So far from what I observed from the cats I was around this weekend and what I've read, the MC sounds perfect for me. I want a cat that will be intelligent, affectionate, and playful but laid back. I want a companion, not a baby. If I can find a male in the "20lbs and lean" range, I'll be happy. It'll be strange having a quiet cat, though. Anybody that's ever owned a Siamese knows they'll talk up a storm, moreso than almost any other cat. My Siamese, Woo, and I would have long conversations...he'd just go on and on. They can be crabby and demanding, which is humerous. He doesn't do that so much anymore since I've moved out but he picks it right back up when I visit. I wish I could have brought him with me when I moved about, but splitting him from the other two seemed wrong.
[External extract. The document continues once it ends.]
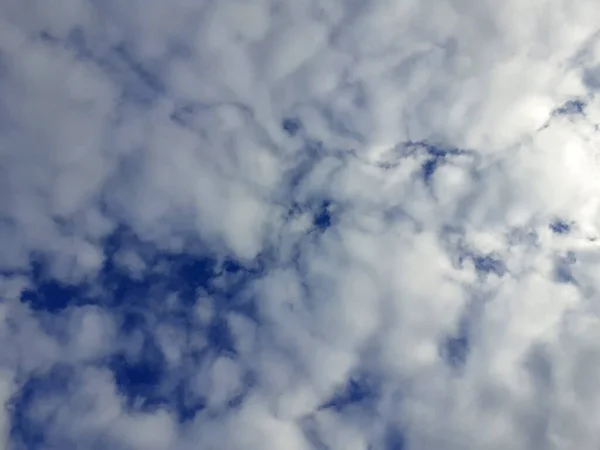 Голубое Небо Белыми Облаками Вид Снизу Мбаппе Дизайн Элементы Дизайна — стоковое фото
I gues if the MC can play fetch (and I've only played with one cat that would actually run down the hall, get the toy, bring it back and drop it at your feet then wait for you to throw it again,) I can overlook the lack of vocalization.


----------



## Bert H (Mar 2, 2004)

I have what the vet refers to as a 'part Maine ****'. He's 22 pounds, and a licker (loves to lick you). Friendly, though not a lap cat by any means.


----------



## argblarg (Aug 10, 2006)

On the HCM our breeder gave a several year warranty and I believe they hadn't had any cats in that bloodline show up with it so it was pretty safe for us. 

For fetch he does do that, but every cat I have ever had has picked up on it pretty quickly.


----------